TASK TO CARRY OUT >>
Where the records contain images, omit them, and repeat everything else word for word.

SUPPLIED RECORDS >>
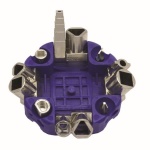 FUMA - CHIAVE A 4 USI PROFESSIONALE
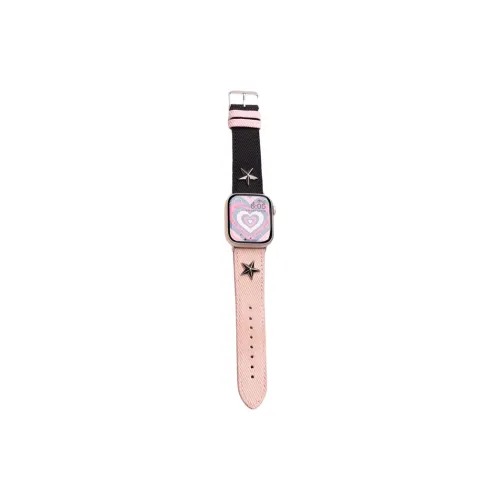 Miss Wrist Watch Bands Width 12mm Unisex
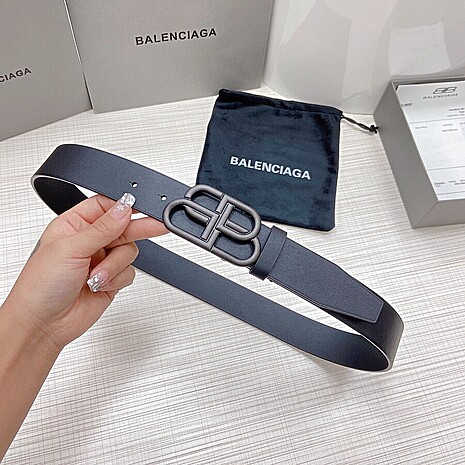 Balenciaga AAA+ Belts #511562 replica
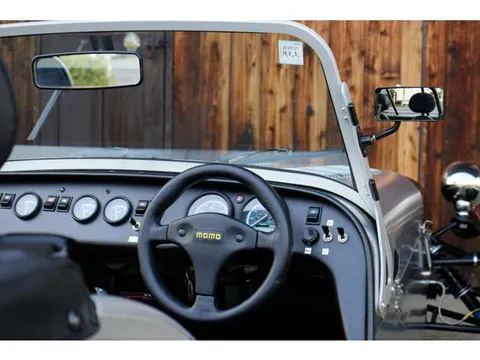 Caterham
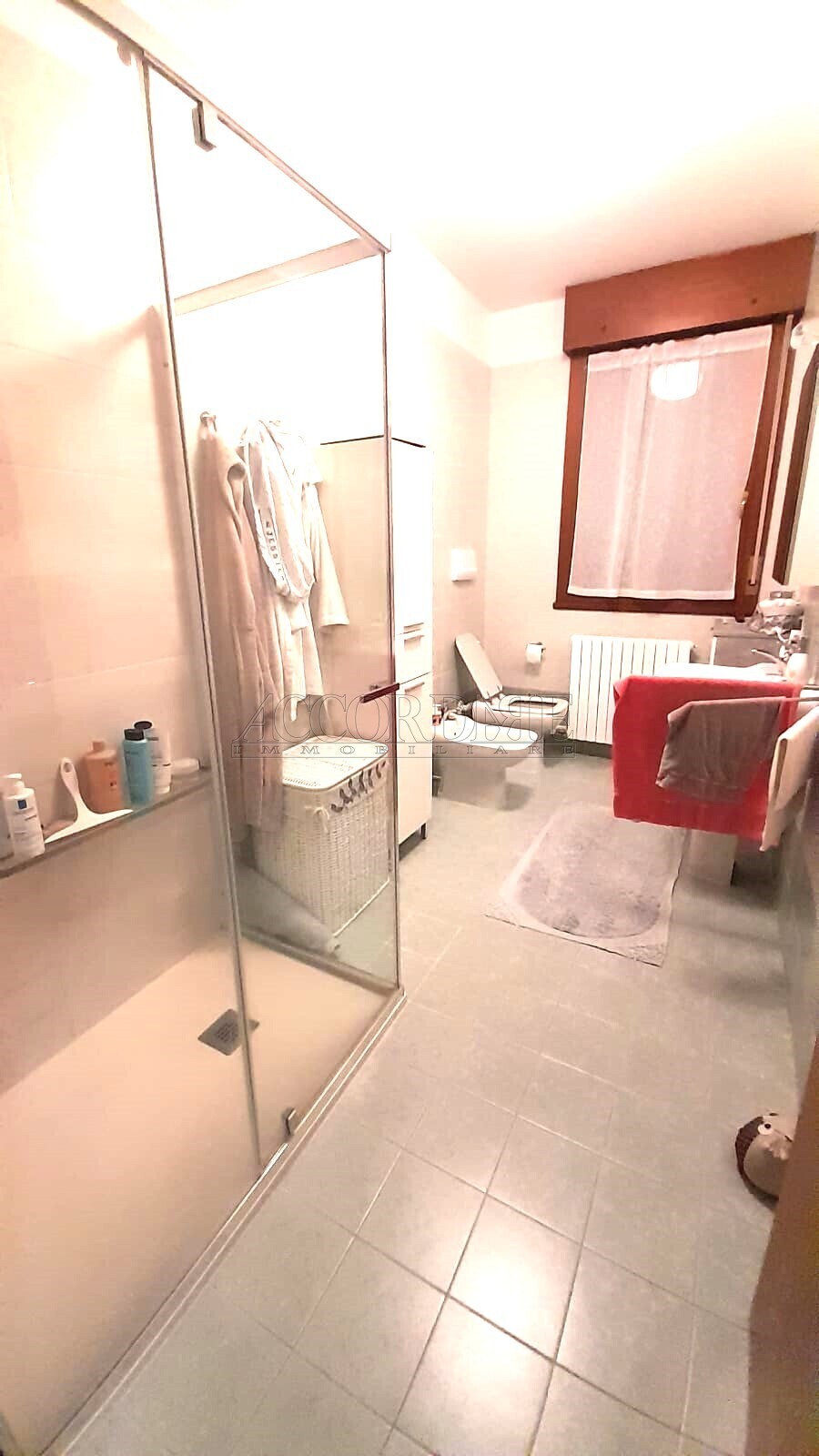 Appartamento con terrazzi a Campodoro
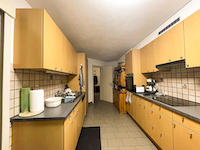 Wohnung 4.5 Zimmer St-Maurice
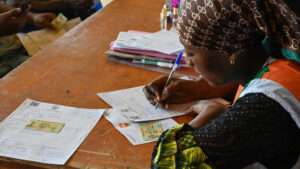 Présidentielle en Côte d’Ivoire : le rôle clé de deux institutions chargées d'encadrer le scrutin
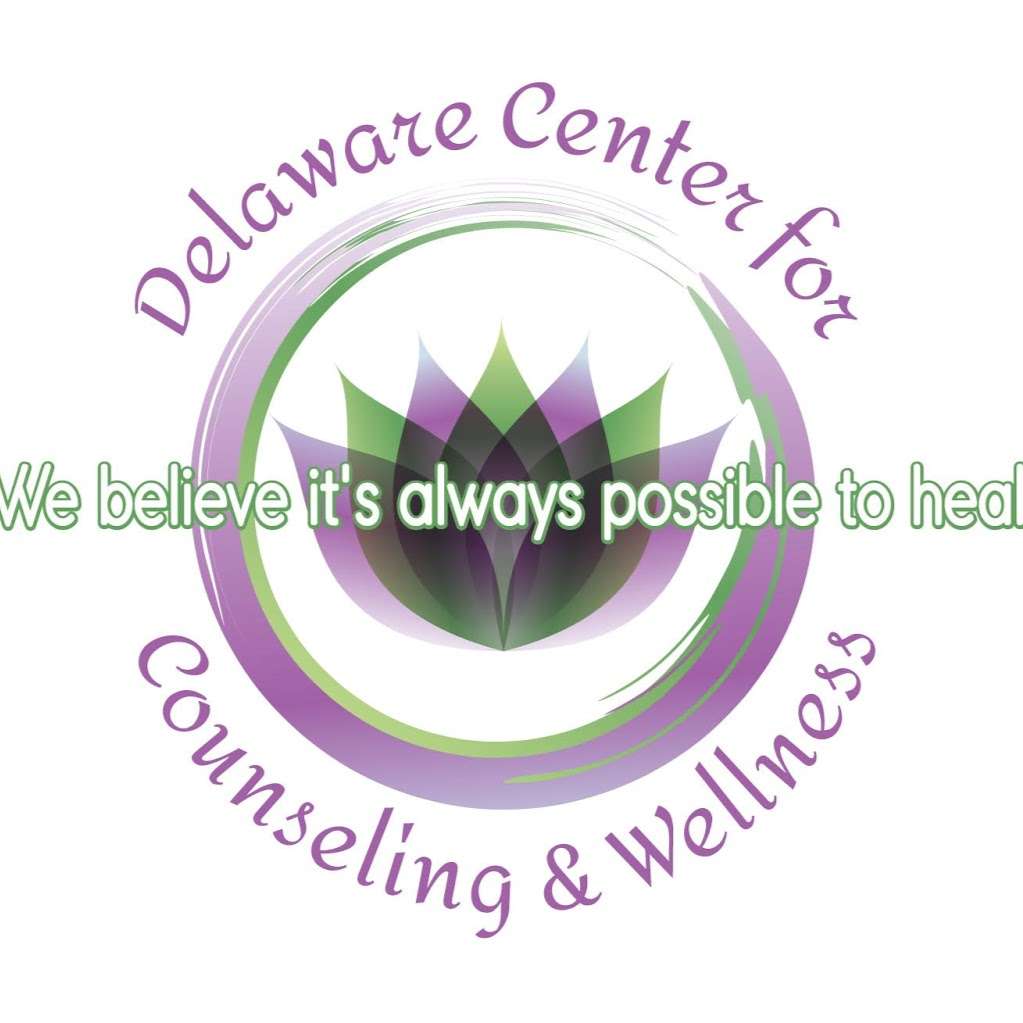 Delaware Center for Counseling and Wellness | 260 Chapman Rd #107, Newark, DE 19702, USA | Phone: (302) 292-1334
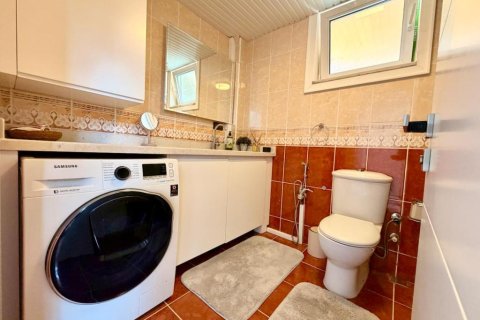 Продажа виллы  в Каргыджаке, Аланье, Анталье, Турция 3 комн., 110м2, №222230 – фото 13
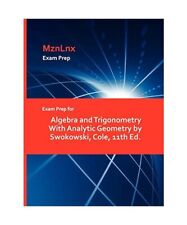 Prüfungsvorbereitung algebra  gebraucht kaufen  Trebbin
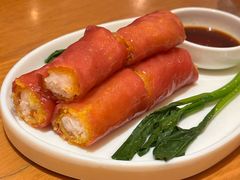 -粤域茶餐厅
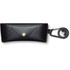 Belkin Anneau de protection avec mousqueton pour AirTag - Noir
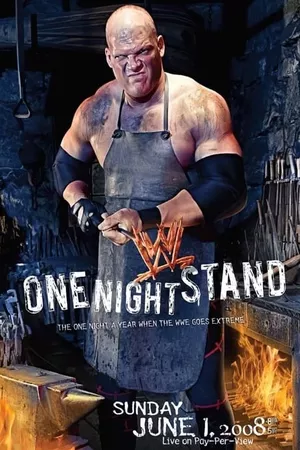 WWE One Night Stand 2008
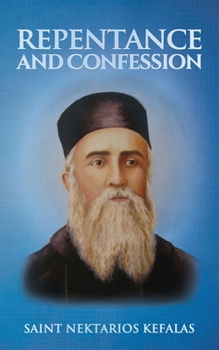 Paperback Repentance and Confession Book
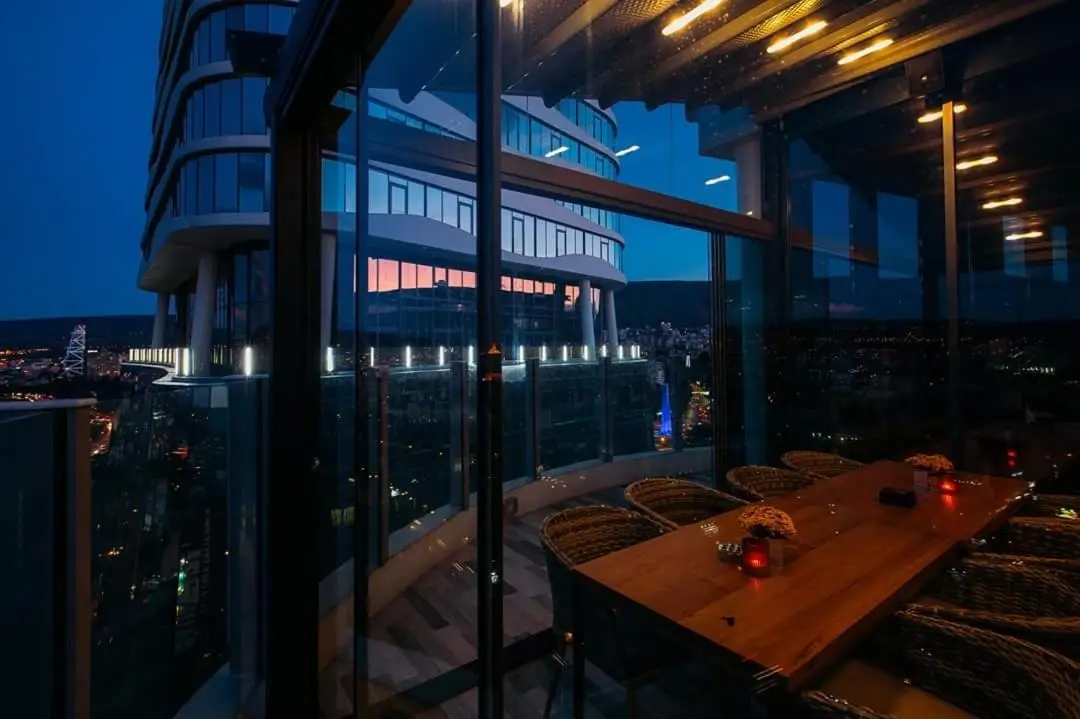King David Residence
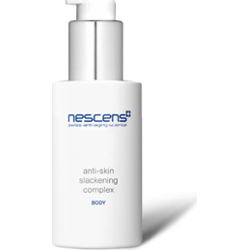 Nescens Anti-Skin Slackening Complex Body 30 ml TRAVEL SIZE | Luksusowy kompleks ujędrniający i przeciw wiotkości skóry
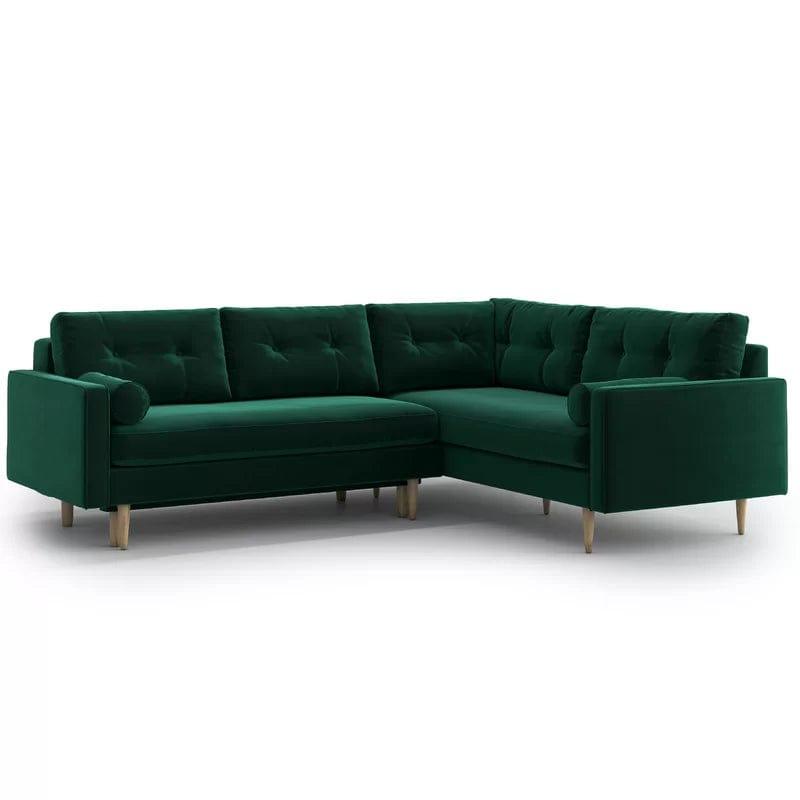 Ariane Sleeper Corner Sofa Bed - Ouch Cart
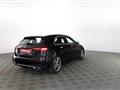 MERCEDES CLASSE A A 200 d Automatic AMG Line Advanced Plus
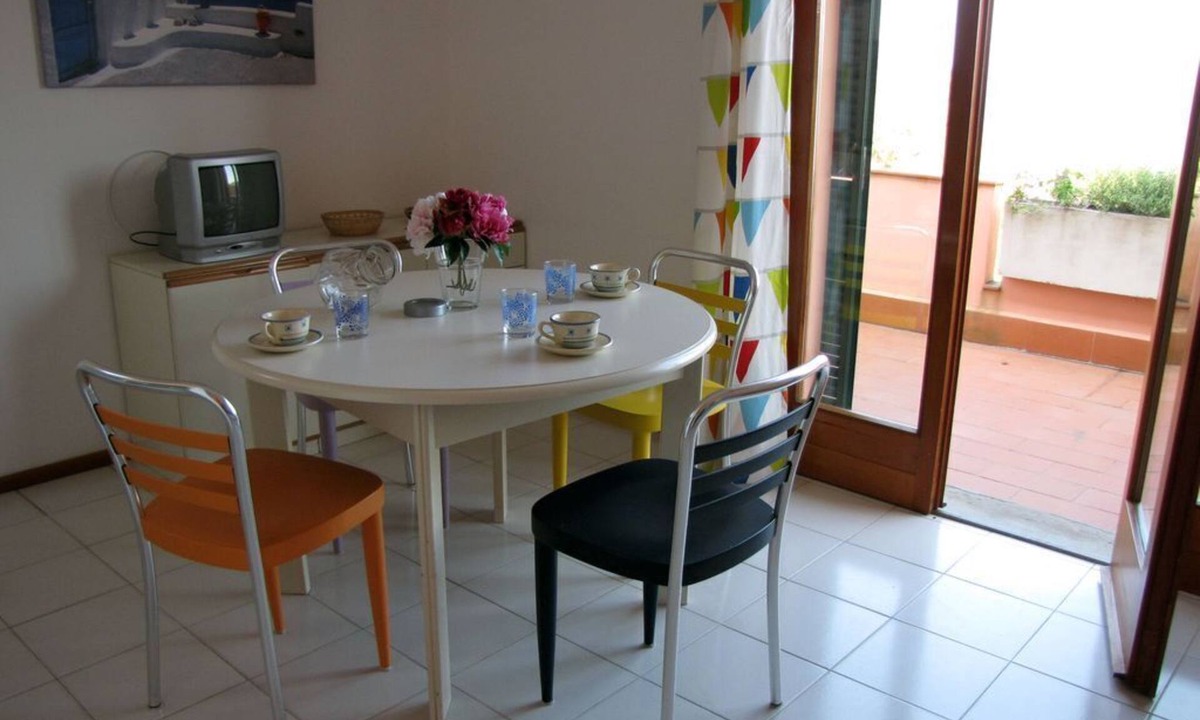 Cavo House | 'La Limonaia 3' al Cavo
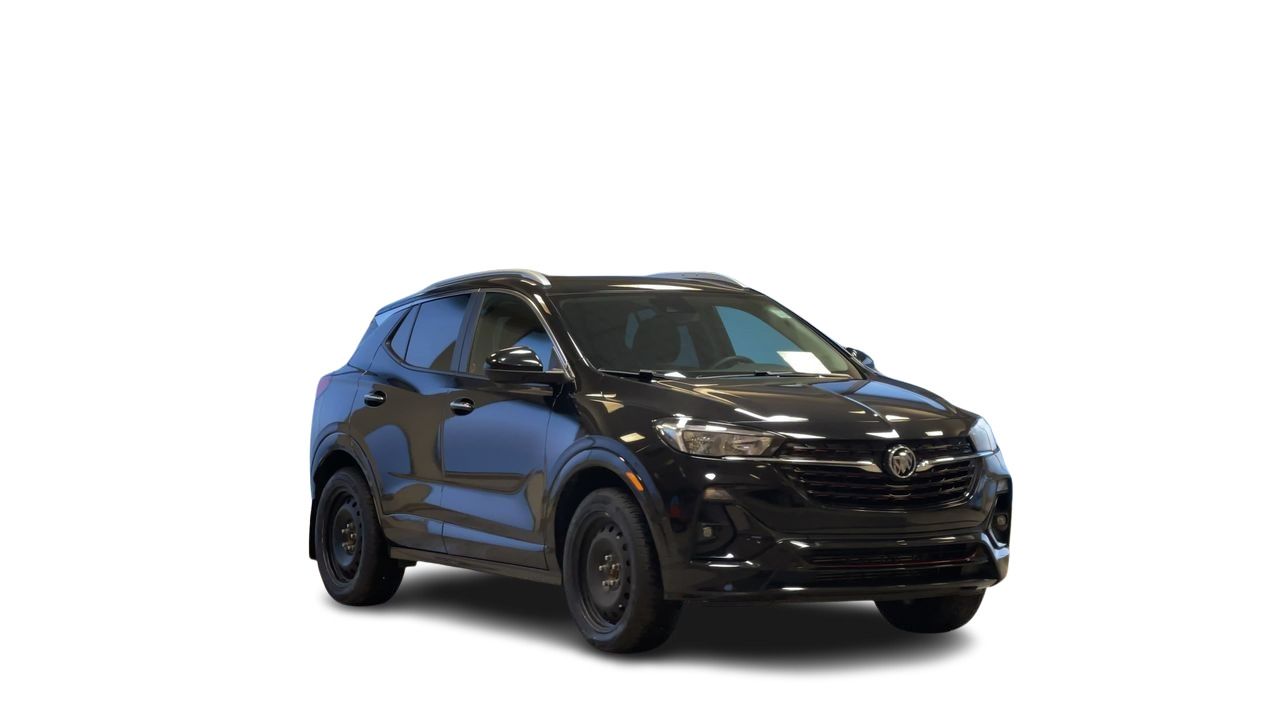 Buick Encore  2023 à Regina, Saskatchewan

RESULT BELOW >>
 FUMA - CHIAVE A 4 USI PROFESSIONALE
 Miss Wrist Watch Bands Width 12mm Unisex
 Balenciaga AAA+ Belts #511562 replica
 Caterham
 Appartamento con terrazzi a Campodoro
 Wohnung 4.5 Zimmer St-Maurice
 Présidentielle en Côte d’Ivoire : le rôle clé de deux institutions chargées d'encadrer le scrutin
 Delaware Center for Counseling and Wellness | 260 Chapman Rd #107, Newark, DE 19702, USA | Phone: (302) 292-1334
 Продажа виллы  в Каргыджаке, Аланье, Анталье, Турция 3 комн., 110м2, №222230 – фото 13
 Prüfungsvorbereitung algebra  gebraucht kaufen  Trebbin
 -粤域茶餐厅
 Belkin Anneau de protection avec mousqueton pour AirTag - Noir
 WWE One Night Stand 2008
 Paperback Repentance and Confession Book
King David Residence
 Nescens Anti-Skin Slackening Complex Body 30 ml TRAVEL SIZE | Luksusowy kompleks ujędrniający i przeciw wiotkości skóry
 Ariane Sleeper Corner Sofa Bed - Ouch Cart
 MERCEDES CLASSE A A 200 d Automatic AMG Line Advanced Plus
 Cavo House | 'La Limonaia 3' al Cavo
 Buick Encore  2023 à Regina, Saskatchewan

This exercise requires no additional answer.